▶
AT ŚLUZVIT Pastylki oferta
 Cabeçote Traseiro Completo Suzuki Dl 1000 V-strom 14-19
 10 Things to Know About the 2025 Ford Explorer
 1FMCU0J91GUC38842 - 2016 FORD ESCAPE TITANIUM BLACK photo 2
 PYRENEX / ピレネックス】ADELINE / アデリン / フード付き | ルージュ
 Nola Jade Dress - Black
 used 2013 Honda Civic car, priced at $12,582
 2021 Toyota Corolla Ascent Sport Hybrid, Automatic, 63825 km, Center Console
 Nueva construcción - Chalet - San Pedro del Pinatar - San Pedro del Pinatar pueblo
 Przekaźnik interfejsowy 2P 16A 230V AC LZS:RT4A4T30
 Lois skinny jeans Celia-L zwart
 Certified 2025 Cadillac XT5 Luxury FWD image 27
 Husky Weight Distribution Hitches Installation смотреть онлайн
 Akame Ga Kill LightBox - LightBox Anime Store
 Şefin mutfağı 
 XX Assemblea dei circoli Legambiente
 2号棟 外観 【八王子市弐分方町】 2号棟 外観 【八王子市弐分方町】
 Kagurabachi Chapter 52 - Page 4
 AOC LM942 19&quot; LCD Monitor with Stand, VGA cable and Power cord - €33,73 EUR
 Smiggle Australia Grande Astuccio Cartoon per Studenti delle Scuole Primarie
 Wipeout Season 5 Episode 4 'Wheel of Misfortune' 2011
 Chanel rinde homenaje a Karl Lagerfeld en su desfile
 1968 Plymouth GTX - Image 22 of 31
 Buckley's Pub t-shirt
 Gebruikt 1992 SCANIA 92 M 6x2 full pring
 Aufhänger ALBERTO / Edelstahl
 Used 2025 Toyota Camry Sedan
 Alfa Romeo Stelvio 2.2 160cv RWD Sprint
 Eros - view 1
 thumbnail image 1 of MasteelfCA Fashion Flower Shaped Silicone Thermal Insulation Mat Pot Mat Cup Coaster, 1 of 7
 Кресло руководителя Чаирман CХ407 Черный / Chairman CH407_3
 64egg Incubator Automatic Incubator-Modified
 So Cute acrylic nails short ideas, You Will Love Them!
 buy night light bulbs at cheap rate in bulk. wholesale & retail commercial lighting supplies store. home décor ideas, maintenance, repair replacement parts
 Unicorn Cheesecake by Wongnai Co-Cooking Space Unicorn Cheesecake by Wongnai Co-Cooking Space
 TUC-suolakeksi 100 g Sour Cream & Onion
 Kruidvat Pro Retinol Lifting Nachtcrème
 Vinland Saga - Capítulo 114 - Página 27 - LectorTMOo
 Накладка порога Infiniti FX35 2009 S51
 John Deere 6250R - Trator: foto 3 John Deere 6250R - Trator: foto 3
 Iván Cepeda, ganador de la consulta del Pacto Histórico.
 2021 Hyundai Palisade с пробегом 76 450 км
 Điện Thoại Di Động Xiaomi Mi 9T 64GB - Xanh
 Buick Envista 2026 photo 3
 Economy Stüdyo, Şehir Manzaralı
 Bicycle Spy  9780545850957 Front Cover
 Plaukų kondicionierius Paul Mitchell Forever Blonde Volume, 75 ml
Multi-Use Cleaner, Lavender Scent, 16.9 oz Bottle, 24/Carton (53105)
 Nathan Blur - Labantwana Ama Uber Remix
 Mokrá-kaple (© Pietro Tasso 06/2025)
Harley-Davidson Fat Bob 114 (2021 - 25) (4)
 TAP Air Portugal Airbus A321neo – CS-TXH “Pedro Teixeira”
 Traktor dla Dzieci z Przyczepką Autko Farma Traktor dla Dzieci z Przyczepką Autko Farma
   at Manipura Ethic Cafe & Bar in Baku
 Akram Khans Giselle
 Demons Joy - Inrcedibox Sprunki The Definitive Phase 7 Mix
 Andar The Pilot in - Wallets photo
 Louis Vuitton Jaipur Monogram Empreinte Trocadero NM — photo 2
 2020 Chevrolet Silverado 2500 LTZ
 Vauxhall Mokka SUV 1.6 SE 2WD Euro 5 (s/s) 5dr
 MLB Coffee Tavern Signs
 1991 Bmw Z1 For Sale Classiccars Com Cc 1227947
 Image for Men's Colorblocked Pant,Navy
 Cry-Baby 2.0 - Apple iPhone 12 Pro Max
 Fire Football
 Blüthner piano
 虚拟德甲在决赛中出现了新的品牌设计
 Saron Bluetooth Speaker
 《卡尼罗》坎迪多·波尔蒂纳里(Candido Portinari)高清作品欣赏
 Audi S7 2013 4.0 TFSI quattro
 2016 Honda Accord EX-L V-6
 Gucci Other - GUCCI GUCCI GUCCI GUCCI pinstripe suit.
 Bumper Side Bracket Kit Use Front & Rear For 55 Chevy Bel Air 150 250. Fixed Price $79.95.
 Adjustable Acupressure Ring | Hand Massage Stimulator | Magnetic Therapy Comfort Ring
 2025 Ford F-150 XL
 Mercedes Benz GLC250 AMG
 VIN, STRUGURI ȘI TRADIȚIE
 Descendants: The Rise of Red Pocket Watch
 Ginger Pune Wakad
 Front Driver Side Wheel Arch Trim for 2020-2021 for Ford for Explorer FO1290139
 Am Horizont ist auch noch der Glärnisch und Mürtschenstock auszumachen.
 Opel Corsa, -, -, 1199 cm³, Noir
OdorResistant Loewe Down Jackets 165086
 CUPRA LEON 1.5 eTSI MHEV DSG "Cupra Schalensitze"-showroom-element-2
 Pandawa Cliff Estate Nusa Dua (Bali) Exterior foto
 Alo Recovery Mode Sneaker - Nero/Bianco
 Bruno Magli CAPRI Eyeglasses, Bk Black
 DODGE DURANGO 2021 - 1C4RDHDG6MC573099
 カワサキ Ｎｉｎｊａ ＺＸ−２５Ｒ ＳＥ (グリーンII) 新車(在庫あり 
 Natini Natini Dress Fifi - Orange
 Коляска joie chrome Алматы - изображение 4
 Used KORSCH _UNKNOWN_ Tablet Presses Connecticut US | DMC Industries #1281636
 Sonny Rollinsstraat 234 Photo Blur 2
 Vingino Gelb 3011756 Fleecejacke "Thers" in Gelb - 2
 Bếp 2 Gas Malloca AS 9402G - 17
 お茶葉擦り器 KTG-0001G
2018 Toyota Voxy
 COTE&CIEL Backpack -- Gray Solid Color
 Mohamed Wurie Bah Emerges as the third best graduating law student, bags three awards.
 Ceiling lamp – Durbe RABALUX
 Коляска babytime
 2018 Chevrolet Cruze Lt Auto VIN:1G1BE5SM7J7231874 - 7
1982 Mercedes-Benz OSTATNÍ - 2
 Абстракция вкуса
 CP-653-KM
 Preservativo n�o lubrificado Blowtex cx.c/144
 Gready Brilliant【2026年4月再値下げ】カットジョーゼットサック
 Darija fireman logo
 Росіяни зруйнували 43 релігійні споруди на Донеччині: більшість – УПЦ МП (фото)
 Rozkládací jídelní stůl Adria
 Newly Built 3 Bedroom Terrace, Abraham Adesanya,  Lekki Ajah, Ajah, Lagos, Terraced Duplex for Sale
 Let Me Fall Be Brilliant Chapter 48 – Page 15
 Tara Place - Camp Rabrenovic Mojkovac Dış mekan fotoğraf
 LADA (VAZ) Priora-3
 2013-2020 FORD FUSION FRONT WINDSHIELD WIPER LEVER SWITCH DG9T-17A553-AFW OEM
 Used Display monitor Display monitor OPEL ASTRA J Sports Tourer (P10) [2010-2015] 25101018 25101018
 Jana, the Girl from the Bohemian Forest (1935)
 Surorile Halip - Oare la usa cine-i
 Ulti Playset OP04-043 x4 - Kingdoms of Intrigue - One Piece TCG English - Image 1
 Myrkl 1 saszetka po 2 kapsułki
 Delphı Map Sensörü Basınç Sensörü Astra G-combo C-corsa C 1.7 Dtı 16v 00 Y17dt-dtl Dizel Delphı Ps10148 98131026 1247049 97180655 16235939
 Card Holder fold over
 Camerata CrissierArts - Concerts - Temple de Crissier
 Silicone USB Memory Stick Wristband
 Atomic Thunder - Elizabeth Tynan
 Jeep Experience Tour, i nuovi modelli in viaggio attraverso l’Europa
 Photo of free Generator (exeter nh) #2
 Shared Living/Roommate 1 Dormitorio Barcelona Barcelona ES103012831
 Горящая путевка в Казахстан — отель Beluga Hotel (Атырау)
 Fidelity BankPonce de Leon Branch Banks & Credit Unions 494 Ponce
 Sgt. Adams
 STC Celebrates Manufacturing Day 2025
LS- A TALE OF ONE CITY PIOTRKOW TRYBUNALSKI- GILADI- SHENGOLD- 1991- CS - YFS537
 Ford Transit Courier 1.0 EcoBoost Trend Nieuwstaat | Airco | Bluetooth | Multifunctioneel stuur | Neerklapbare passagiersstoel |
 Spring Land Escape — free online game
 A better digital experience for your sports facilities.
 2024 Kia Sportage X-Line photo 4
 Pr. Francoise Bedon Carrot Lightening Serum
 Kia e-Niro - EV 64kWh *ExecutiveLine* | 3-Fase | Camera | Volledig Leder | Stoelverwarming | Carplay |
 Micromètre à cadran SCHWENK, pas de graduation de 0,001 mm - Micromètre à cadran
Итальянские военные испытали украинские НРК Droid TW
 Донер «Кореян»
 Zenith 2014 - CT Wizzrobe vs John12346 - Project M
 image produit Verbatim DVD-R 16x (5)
◀
### Problem
Where the line with "Nueva construcción - Chalet" ends, your copy should end too; please return exactly the lines from the first line of the data through it.

### Expected answer
AT ŚLUZVIT Pastylki oferta
 Cabeçote Traseiro Completo Suzuki Dl 1000 V-strom 14-19
 10 Things to Know About the 2025 Ford Explorer
 1FMCU0J91GUC38842 - 2016 FORD ESCAPE TITANIUM BLACK photo 2
 PYRENEX / ピレネックス】ADELINE / アデリン / フード付き | ルージュ
 Nola Jade Dress - Black
 used 2013 Honda Civic car, priced at $12,582
 2021 Toyota Corolla Ascent Sport Hybrid, Automatic, 63825 km, Center Console
 Nueva construcción - Chalet - San Pedro del Pinatar - San Pedro del Pinatar pueblo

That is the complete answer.